Reagan, however, was confident he had laid down a marker that would build pressure for change behind the Iron Curtain. When two years later the Wall suddenly opened, he was asked by Sam Donaldson of ABC News if he had believed his statement would bear fruit so soon. “I have to tell you, I’m an eternal optimist,” Reagan replied. “I believed with all of my heart, it was in the future.”

Many people played a role in sending the Berlin Wall and Communism into what Reagan once said would be “the ash heap of history.” But the people who gathered to open the Reagan Room at the Checkpoint Charlie Museum were certain Reagan hasn’t gotten his due. “There are Ronald Reagan streets in Budapest, Warsaw, and Cracow,” Hildebrandt told me. “But in Berlin the socialist city government not only won’t name a street after Reagan but they removed the more than 1,000 crosses I put up outside the museum to commemorate those who died trying to cross the Wall.”

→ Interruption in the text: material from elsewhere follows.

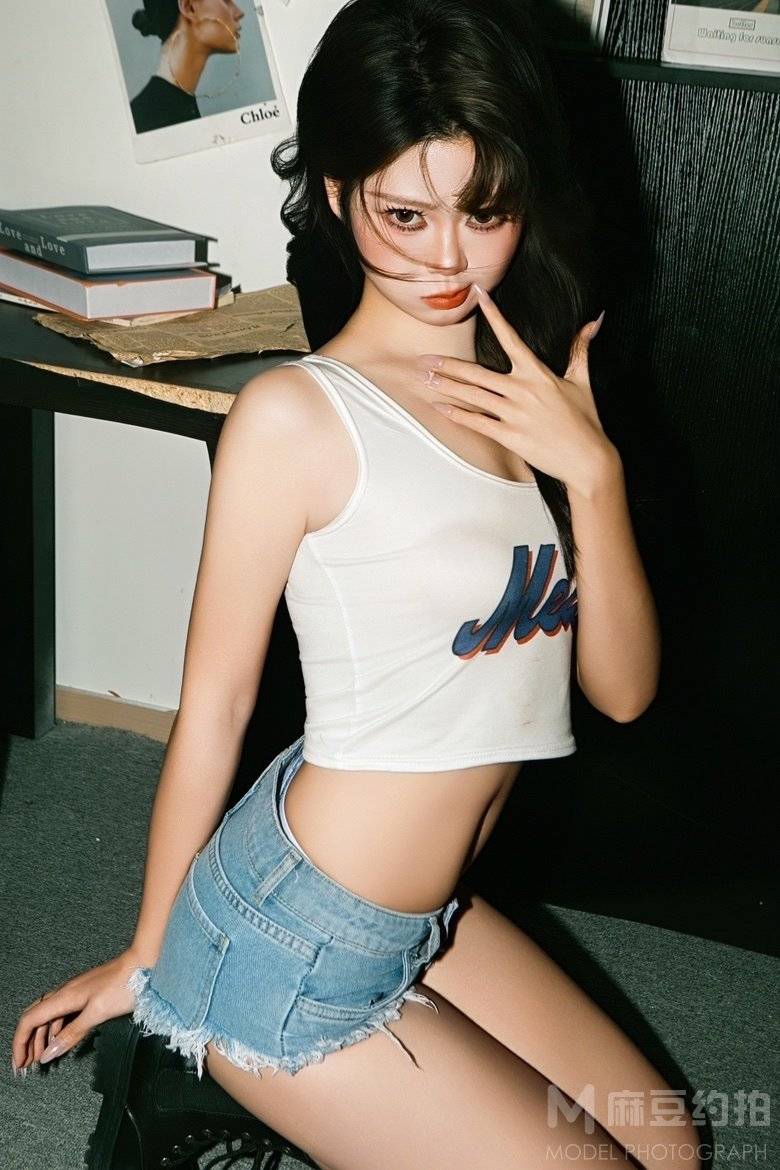 胶片模特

Lothar de Maziere, the conservative who served as East Germany’s last president before the country was dissolved, remains hopeful. “The decision to name streets is done at the district level, so maybe something can be done with the local officials,” he told me. De Maziere, who as a lawyer defended people who had failed to escape East Germany, says he has no doubt that average people give Reagan a lot more credit for the Wall’s fall than do elites. “The name of Reagan is in the heart of ordinary Berliners,” he says. “While many people jostle to take credit for what Reagan set in motion, in the end his legacy is secure.”